ABIGAIL SLATER (HollyFrontier)
The most impactful parameter affecting alky acid consumption is feed quality. Reducing feed contamination will greatly reduce acid consumption. There are also operational changes that can be made to reduce acid consumption, but the biggest impact will be feed contaminants. Anything that will cause the alkylation reaction to reduce acid strength or polymerize will affect acid consumption.
There are several different feed contaminants that can affect acid consumption, and several strategies to combat these contaminants. For HF alkylation, sulfur can be a large factor in acid consumption. Sulfur, in the presence of the HF alkylation reaction, produces light Acid Soluble Oil (ASO) which can be difficult to remove from the unit. Generally, a low rerun temperature can get rid of the ASO, but it will result in additional free acid with it. Some strategies to remove sulfur in the feed is Fluidized Catalytic Cracking (FCC) feed pretreatment (hydrotreat), caustic skid treaters, and amine scrubber technology.
The presence of ethane in the feed, particular to HF alkylation, will make ethyl fluoride and cannot be alkylated. Ethyl fluoride is then vented from the Alky and the fluoride molecule is not recovered. FCC upstream fractionation or a de-ethanizer fractionator are strategies to reduce ethane in the feed.
Carbon chains higher than five carbons can cause polymerization during the alkylation reaction, which increases acid consumption and reduces alkylate production. Similarly, dienes have double bonds which tend to break and make longer fluorocarbon chains (polymerization) and reduce alky production and increase acid consumption. This can also be combated by proper upstream fractionation.

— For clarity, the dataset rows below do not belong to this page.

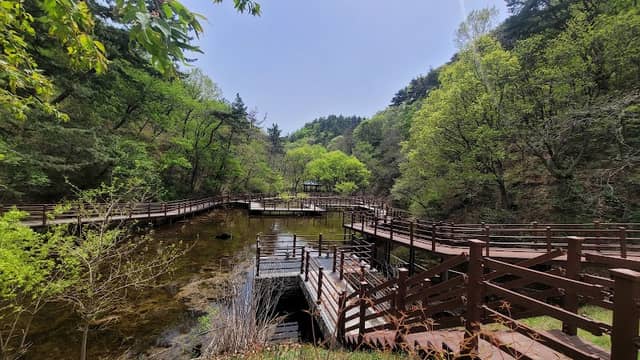 송정박상진호수공원 - Image 2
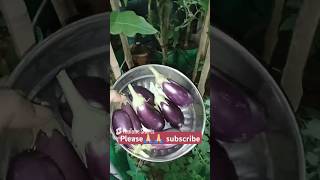 बैगन farming brinjal 🧺 in Terrace Gardening vegetables farmer farming agriculture [upl. by Calvina]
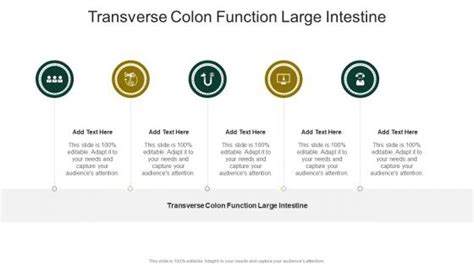 Transverse Colon Function Large Intestine PowerPoint Presentation and Slides | SlideTeam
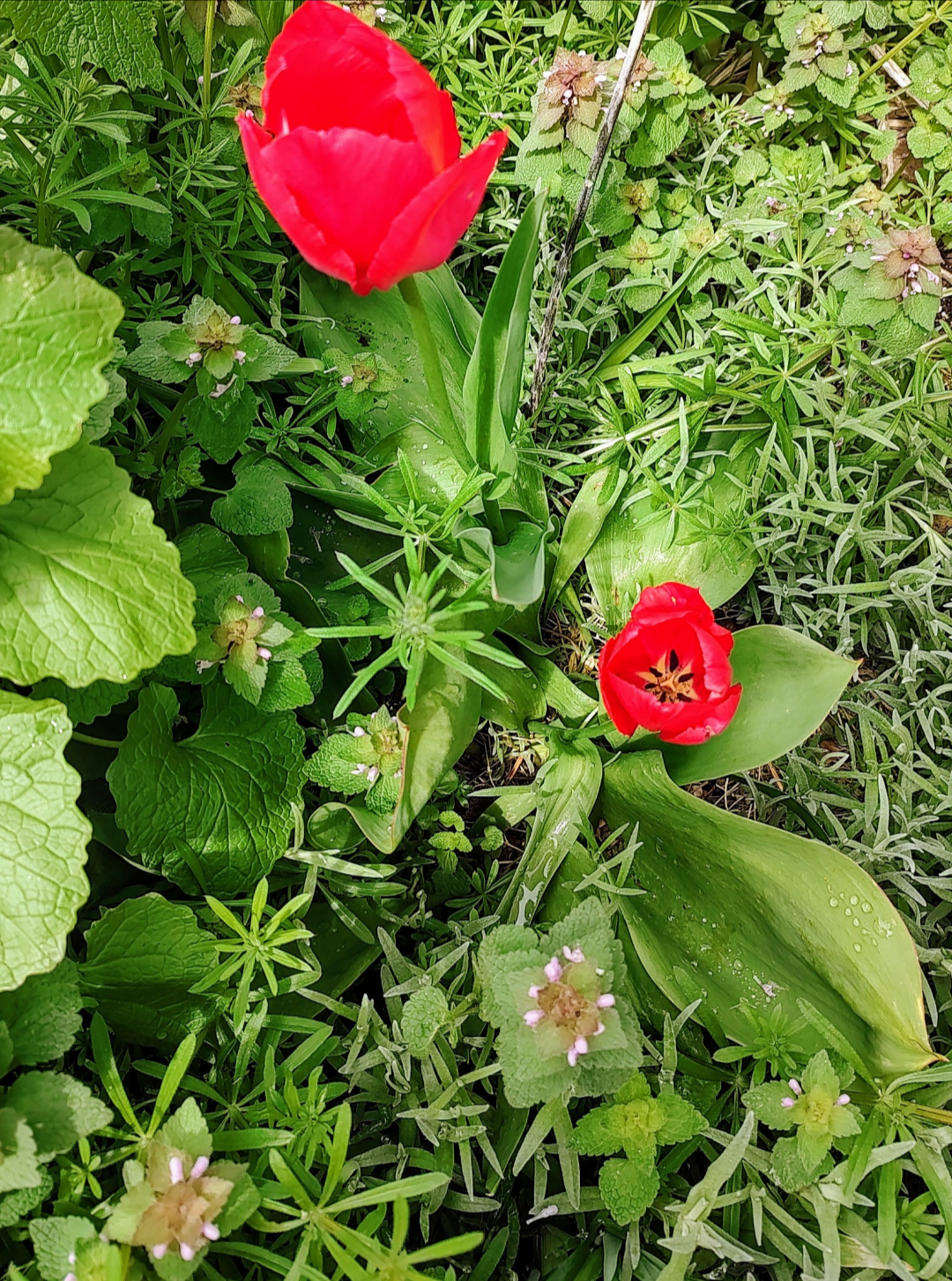 photo of red flowers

A typical contaminant for HF alkylation is water, or any molecules containing the hydroxide (OH) grouping (No CO, Aceto-Nitriles, ethers, esters, ketos, etc.) This includes caustic that can be carried over from the sulfur and mercaptan feed treating systems (caustic skids). The most common strategy to remove water is solid state feed driers (typically mole sieve or activated alumina). Mole sieve may last longer than alumina treaters as it can retain more water. Some refiners will also install an upstream water wash system, which is designed to absorb any molecules containing the OH group prior to entering the alky feed drying section.
Operationally, ensure that the reactor riser temperatures are within the designed range. If the riser temperature is too hot or too cold, acid consumption will increase. Incorrect riser temperatures tend to produce more polymerization reactions (ASO). Ensure that the isobutane to olefin ratio (HF specific) is within design range.
RICK DENNE (Norton Engineering Consultants, Inc.)
For sulfuric acid alkylation units, tight control and monitoring of spent acid strength is key. Acid titration should be performed on each shift (centrifuging of the acid is a must before titration). The online spent acid strength indication (Coriolis meter) should be checked against the laboratory results on a monthly basis by the unit engineer.
For HF acid alkylation units, tight operation of the acid rerun/regeneration column is required. Consider infrequent gamma scans of the column and/or hydraulic study to determine tray performance and condition.
For both technologies, feed containments should be minimized. Good sulfur and water removal as well
as butadiene saturation should all take place in the feed pre-treatment section.